Then he burned himself to death in his farmhouse.
News of the killings last month caught the attention of all Spain: it had happened in Galicia, an underdeveloped, northwestern region where only 27% of the people live in cities.
“It appears clearly to have been an attack of madness,” historian Ramon Villares Paz said, “yet it’s a paradigmatic incident, a sort of death cry of a rural society of elderly people with a tightly held conviction that their culture has no future.
“Surribas is isolated, like a majority of villages in Galicia, populated mainly by old people with problems of communication between them, without any future, without horizons.”
Celtic Culture Lingers
Galicia is sometimes called Spain’s Ireland because of its Celtic origins. The playing of bagpipes is common here. Each summer, the international Celtic music festival in Ortigueira attracts musicians from all the Celtic regions of Europe.
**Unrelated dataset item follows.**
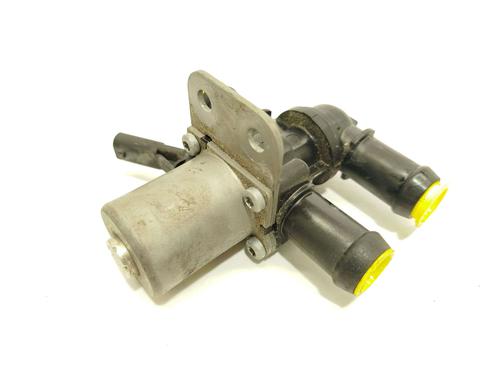 Used Electronic sensor Electronic sensor 38013679 38013679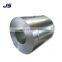 Zero/ Regular Spangle G40 G60 G90 Galvanized GI Steel Coils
The Celtic cross is a familiar sight throughout Galicia, and a dance called the muneira is similar to the Irish jig.
Galicia is four provinces of verdant, hilly land, geographically cut off from the rest of the country by poor communications and a rugged mountain range around its eastern flank and its southern border with Portugal.
Since prehistoric times, it has been characterized by a social and economic structure not typical of the rest of Spain.
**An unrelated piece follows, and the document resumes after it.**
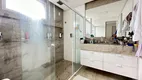 Foto 22 de Apartamento com 3 Quartos à venda, 149m² em Setor Marista, Goiânia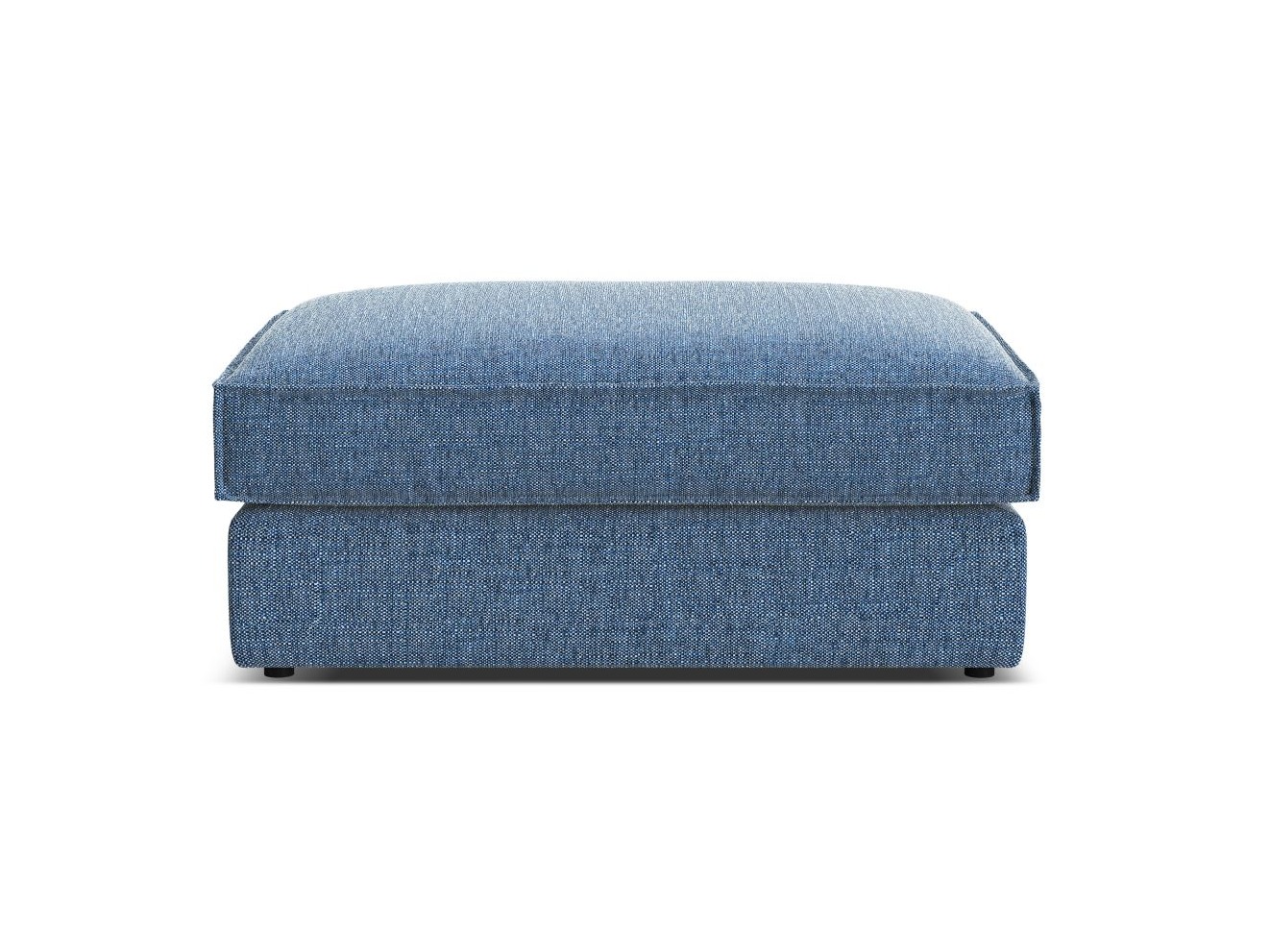 Kárpitozott pad Dalodei 106 (Babel Blue)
Subsistence farming remains the norm in much of the interior of Galicia today.
And there lived Paulino Fernandez in his farmhouse with his fears.
Analysis of Crimes
“Paulino had been extremely worried about someone taking his land, but he faced no threat of any kind and had normal relations with neighbors,” said Sergio Vazquez Yebra, Fernandez’s lawyer and mayor of the nearby town of Chantada.
The Galician village is “a world subject to drastic transformations,” columnist Carlos Luis Rodriguez wrote in La Voz de Galicia, the region’s leading newspaper.
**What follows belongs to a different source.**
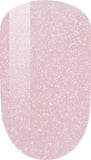 Lechat - Perfect Match - #014 My Fair Lady 1.5oz(Dip/Acrylic)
“The crime . . . is, in part, an expression of the daily dramas of rural Galicia that stun us because they shatter our ideal of the bucolic village.
“The Galician village is a genuine pressure cooker where all kinds of conflicts simmer over a low fire and where the modern and the ancestral crash into each other as if upon a breakwater.
“The peasant who listens to the sermon of the parish priest in the morning and watches ‘Dallas’ on television by the light of the hearth must necessarily suffer a shock due to the sudden clash between a world view proper of the last century with another that is an advance of that to come in the next century.”
Jobs Came and Went
Between 1950 and 1970, the region of 3 million people underwent rapid but incomplete industrialization, mainly involving shipbuilding and steel plants on the Atlantic Coast. Since then, however, more than 20,000 relatively new, high-paying jobs in these smokestack industries were lost, due to drastic restructuring forced by a decade-long recession that ended in 1984.
Galicia accounts for less than 6% of Spain’s gross national product, and agriculture still dominates the economy. Potatoes, corn, grapes and cabbage are the principal crops, and dairies here supply about 25% of the milk consumed by Spain’s 39 million people.
Paulino Fernandez’s obsession with his real estate rang true to the Galicians’ fabled bond with the earth and their legendary longing for the land it after they had emigrated to Latin America or, more recently, to West Germany or France.
An estimated 1 million Galicians, haunted by the specter of a dark future, left home in this century.
Among the best-known products of Galicia are Cuba’s Fidel Castro and Raul Alfonsin, the president of Argentina.
Other Spaniards see Galicians (los Gallegos) as melancholy, brooding and pessimistic people obsessed with death and witchcraft. They are also known for their cunning and their contradictory nature.